From luxury retailers to fast fashion, the fashion industry’s main concern is getting to the next trend and getting consumers to buy into it. Creating needs instead of producing items consumers actually need. I launched Senza Tempo, an accessible luxury women’s clothing line, because I couldn’t find a simple, well-made, black A-line skirt — a style that’s never really out of style.

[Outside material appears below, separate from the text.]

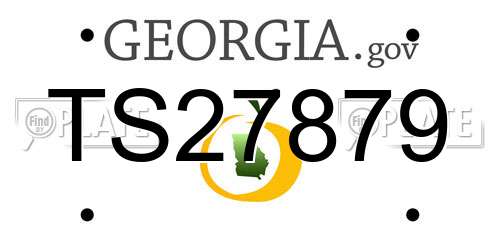TS27879 Georgia License Plate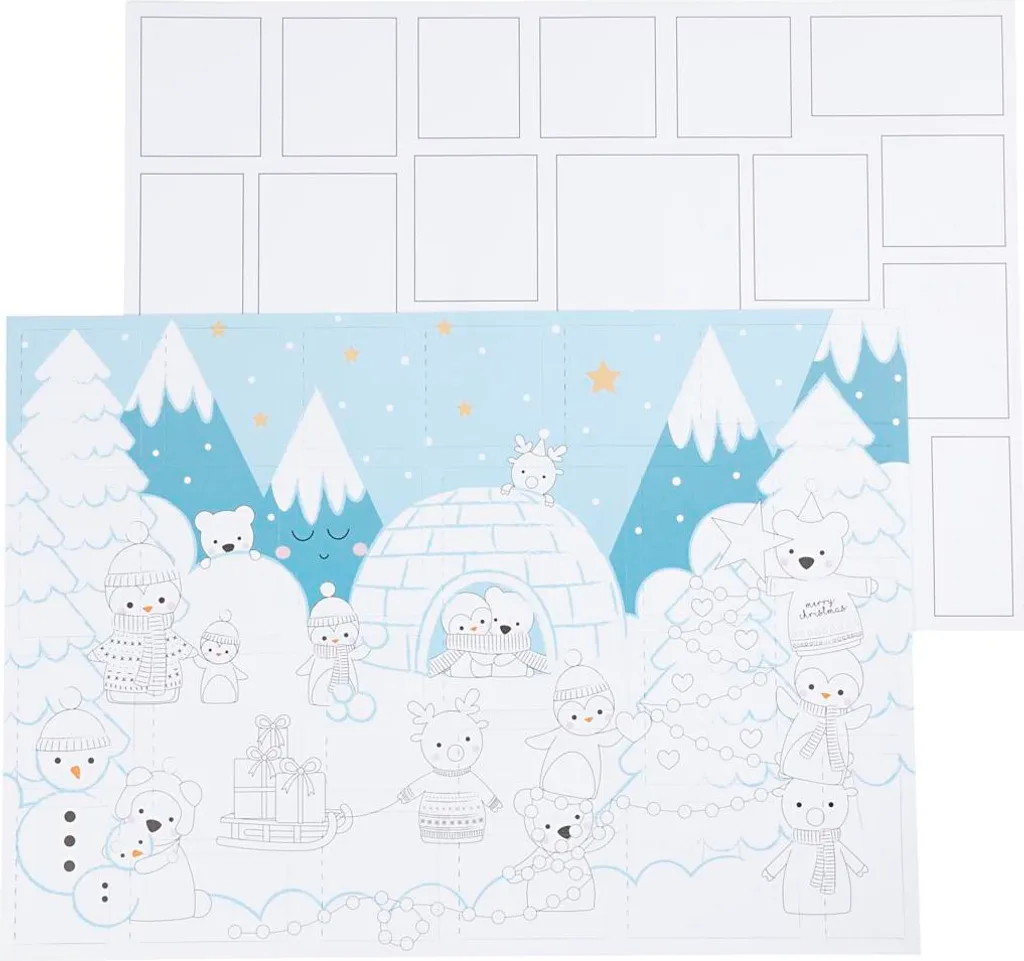Calendrier de l'Avent DIY pour enfants Creativ Company 30 pièces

Globalization accelerated the retail life cycle and ultimately created a vicious circle that’s wreaking havoc on retailers bottom-lines (it’s no secret the fashion industry in crisis) and the environment (most don’t realize that the fashion industry is the second dirtiest industry behind big oil and rife with labor abuses.) We live in a world of short-lived micro-trends brought about by the collapse in trade barriers in the late 90s. Manufacturing was outsourced to the lowest bidder and the overall quality of our clothing declined along with prices. Clothing is cheaper than it was 20 years ago, but there’s a cost in terms of its impact on the environment and the human condition.

Ethical, organic, sustainable, fair trade — they are all great buzzwords, but if consumers really want to shop responsibly then they need to shop mindfully. In order for fashion to be truly sustainable, we must slow down. Fashion companies need to get back to basics and produce fashionable high quality, versatile wardrobe essentials. The market is missing a brand that makes garments that are meant to be worn repeatedly and last for years. Consumers need to buy less and buy better.

In order to buy less, every garment you own needs to be truly versatile. Versatility starts with the design and ends with the fabric. The designs must have clean lines and classic silhouettes. Three timeless silhouettes anchor Senza Tempo’s collection: the hourglass, shift and A-line trapeze. The shapes flatter a wide range of body types and personal styles — and they are always available. We also keep our designs deliberately simple with clean lines and European style tailoring

If you inventory your closet and identify the items you’ve worn the most, I’m willing to bet there’s an inverse relationship between the number of times an item was worn and how ornate it is.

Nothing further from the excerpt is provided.